Carrotsticks · May 14, 2012

seanieg89 said:
Only nontrivial solns are the pairs (4,2), (2,4). Proof:

$$For $x\geq 3>e$, and $k$ any positive integer we have:\\$(x+k)^x=x^x(1+k/x)^x<x^xe^k<x^{x+k}$

so we cannot have equality if x and y are not equal. Here I have assumed a commonly known limit expression for e (and the fact that this expression is increasing...an easy thing to check).

Nice! The same question can also be posed, but in Q instead of Z.

Define the set of Prime Numbers: {p_1, p_2, p_3,...,p_n}

They are not necessarily consecutive.

Show that:

$\sum_{i=1}^{n} \frac{1}{p_i} \notin \mathbb{Z} \qquad \forall n \in \mathbb{N}$

barbernator · May 14, 2012

Carrotsticks said:
Nice! The same question can also be posed, but in Q instead of Z.
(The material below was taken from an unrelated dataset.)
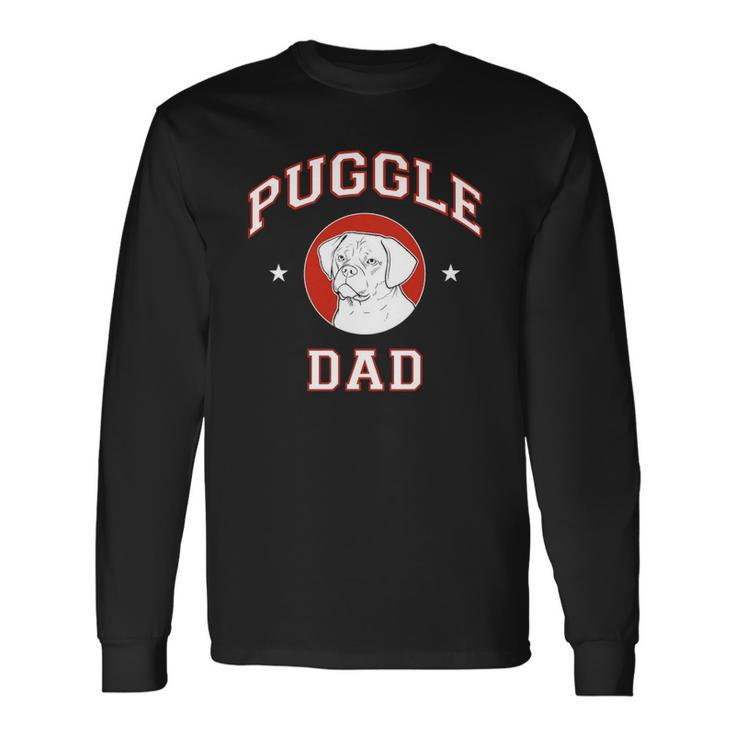 Puggle Dad Puggle Owner Long Sleeve T-Shirt T-Shirt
Define the set of Prime Numbers: {p_1, p_2, p_3,...,p_n}

They are not necessarily consecutive.

Show that:

$\sum_{i=1}^{n} \frac{1}{p_i} \notin \mathbb{Z} \qquad \forall n \in \mathbb{N}$

i need to learn some proper notation.

kazemagic · May 14, 2012

barbernator said:
did it again and got this. I will post up a solution if people want a bit later.

Yes pl0xxx

AAEldar · May 14, 2012

barbernator said:
i need to learn some proper notation.

It makes things easier to write out!

4025808 · May 14, 2012

Just read the first question up on the top. Managed to get it using circle geo techniques normally used in 4U; making and implying that there's a circle over a triangle that is 90*s. Used it twice though.

RealiseNothing · May 14, 2012

Carrotsticks said:
Nice! The same question can also be posed, but in Q instead of Z.

Define the set of Prime Numbers: {p_1, p_2, p_3,...,p_n}

They are not necessarily consecutive.

Show that:

$\sum_{i=1}^{n} \frac{1}{p_i} \notin \mathbb{Z} \qquad \forall n \in \mathbb{N}$

Is it a proof by contradiction?

Carrotsticks · May 14, 2012

RealiseNothing said:
Is it a proof by contradiction?

As long as your proof is valid and makes sense, then it is acceptable, whether it be by contradiction or not.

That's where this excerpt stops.